For starters, while both period dramas revel in Really Unlikely Plot Twists, the A word (absurd, if you were wondering) never entered my mind when I was reading about the FitzOsbornes. Author Michelle Cooper actually follows through with her plotlines, which is more than I can say about a tv series where people regain complete motor function after just one episode of paralysis and love obstacles are abruptly offed by Spanish flu rather than resolved in a responsible adult manner.
At least the FitzOsbornes are tenacious enough to champion the Montmarian cause through two books. They change and grow and persist, and that’s what makes their (somewhat symbolic) victory after Veronica’s rousing speech all the more satisfying than if she or Sophia had simply married a rich influential man who could solve all their problems for them. All the crazy side plots–thwarting lunatic maids and mysterious assassins, helping Basque refuges in more enduring ways than a charity ball, offending the royal family at Girl Guiding tea parties, and outsmarting the Gestapo all the way to Geneva–is just the icing on the cake.

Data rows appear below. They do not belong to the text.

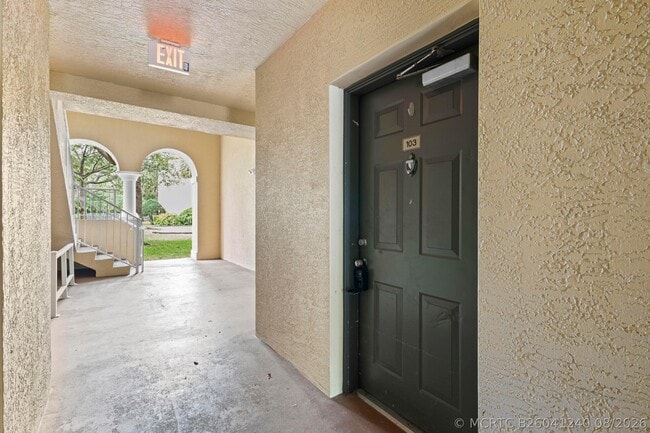6450 Emerald Dunes Dr Unidad 103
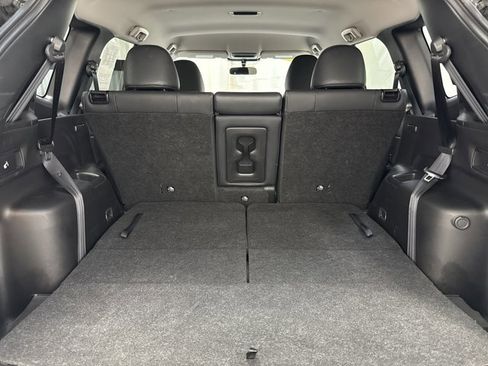 Used 2023 Mitsubishi Outlander SE image 30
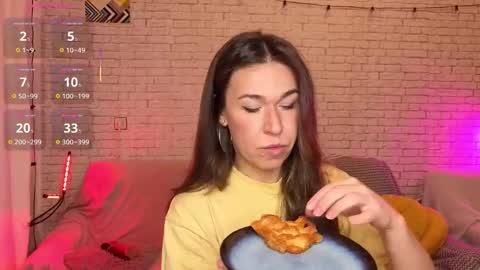 ReginaHawkinss online show from 12.05.25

Finally, even though Veronica and Simon loathe each other, Sophia’s always stuck playing mediator and messenger, Toby’s reliably irresponsible, and Henrietta’s just irrepressible, I like that the FitzOsbornes actually feel like a family rather than a group of elites forced into one room so they can trade witty barbs at each other. That’s probably also why the FitzOsbornes remind me of the Penderwicks so much, even though the Penderwicks are younger, American, and like each other a lot more. Another plus: the juxtaposition of real historical events (have you ever heard of the War of the Stray Dog?) against a fictional backdrop. It says a lot when the fictional characters are so compelling, they make you curious about really unknown historic events (like the War of the Stray Dog)!